In the example embodiments shown in FIGS. 1A-C, the reservoir 23 is an annulus positioned around a central air channel 28. The channel 28 is at least partially defined by the inner surface of the inner tube 25. The channel 28 may provide an opening for access to an interior of pre-vapor formulation tank 22 for adding a pre-vapor formulation to the reservoir 23. The pre-vapor formulation tank 22 may be refillable via a reservoir opening using any commercially-available pre-vapor formulation in order to continually reuse pre-vapor formulation tank 22. In some example embodiments, the reservoir opening is included in the gasket assembly 51 and enables access to the reservoir 23 from an exterior of the pre-vapor formulation tank 22 through the gasket assembly 51 .

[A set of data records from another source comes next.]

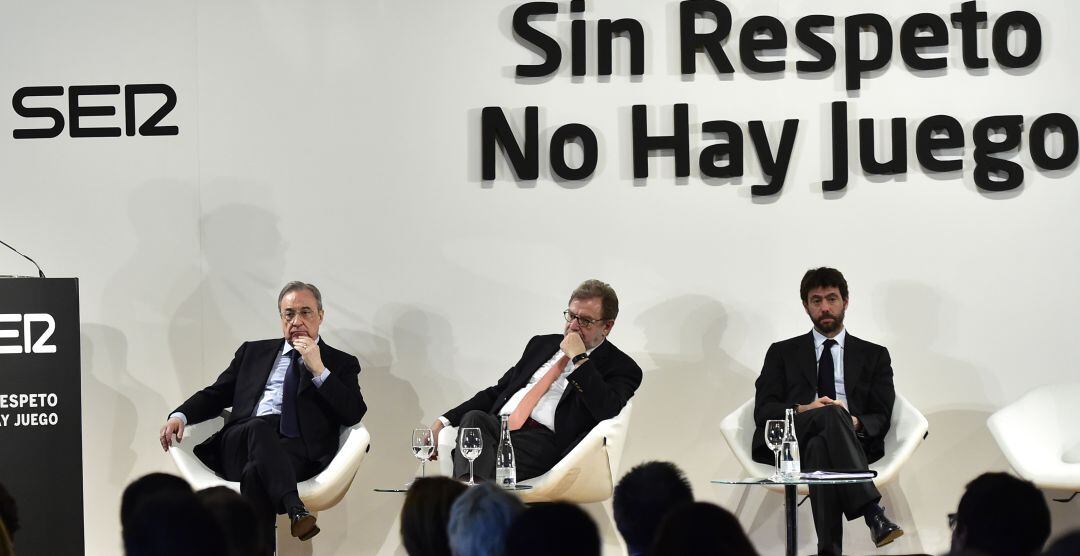 Bartomeu, Florentino Pérez y Agnelli, durante un evento de la SER celebrado en 2017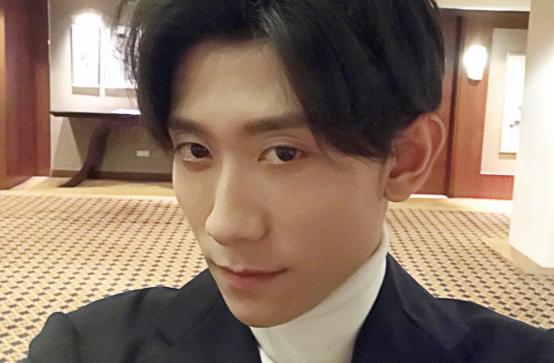 星辰大海林允关晓彤,林允素颜被吐槽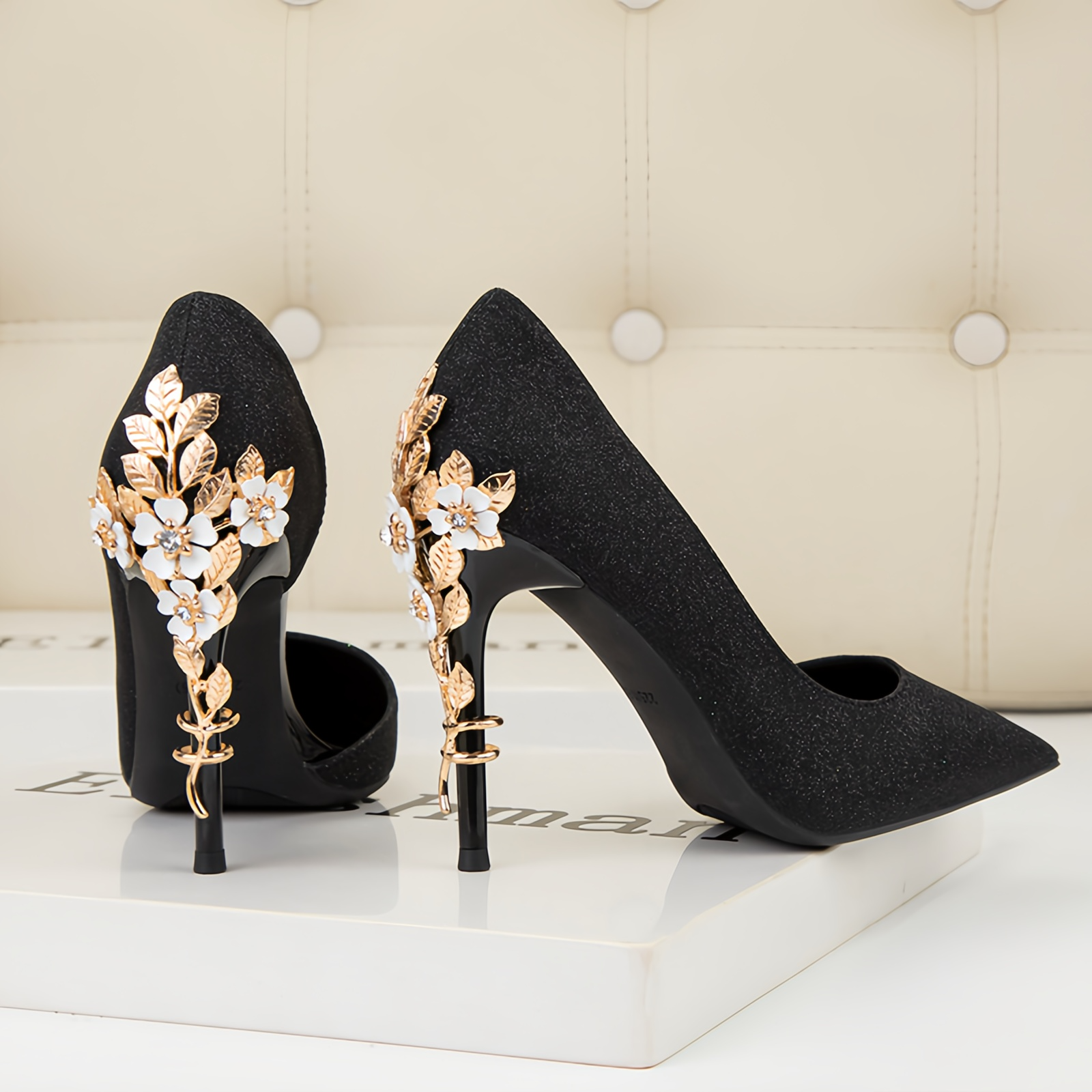 Pointed metal flower side engraved high heels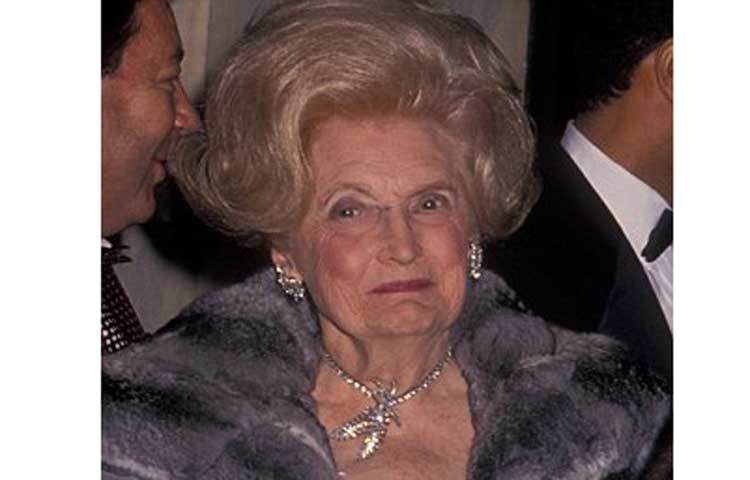 ট্রাম্পের মা মেরি আন্নে নি মাকলেওদ ২০০০ সালে ৮৮ বছর বয়সে মৃত্যুবরণ করেন।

At least a portion of pre-vapor formulation tank 22 may have a transparent wall to enable manual observation and monitoring of an amount of pre-vapor formulation in the reservoir 23. For example, at least a portion of the outer housing 24 may be a transparent material, translucent material, some combination thereof, or the like. At least a portion of the inner tube 25 may be a transparent material, translucent material, some combination thereof, or the like. As shown in FIGS. 1A-C, the outer housing 24 may include a set of graduation marks 71 that may provide a visually-observable indication of an amount of pre-vapor formulation held within the reservoir 23.

As shown in FIG. 1 C, the pre-vapor formulation tank 22 may include a reservoir opening 50d that is defined between the tip ends of the outer housing 24 and the inner tube 25, respectively. As shown in FIG. 1 C, the reservoir opening 50d may be an annulus opening extending around channel 28 defined by the inner tube 25. The reservoir opening 50d may provide an opening for an adult vaper to access an interior of pre-vapor formulation tank 22 and add one or more pre-vapor formulations into the reservoir 23. Such adding may include decoupling the pre-vapor formulation tank 22 and adaptor 90, adding pre-vapor formulation to the reservoir 23 through opening 50d, and re-coupling the pre-vapor formulation tank 22 and adaptor 90 together.

The gasket assembly 51 includes one or more connector elements 52 configured to couple a flavor insert 80 to the e-vaping device 60 when the flavor insert 80 is inserted through the passage of the gasket assembly 51 to position the flavor insert 80 at an outlet end of the channel 28. In some example embodiments, a connector element 52 extends around an inner surface of the channel 28.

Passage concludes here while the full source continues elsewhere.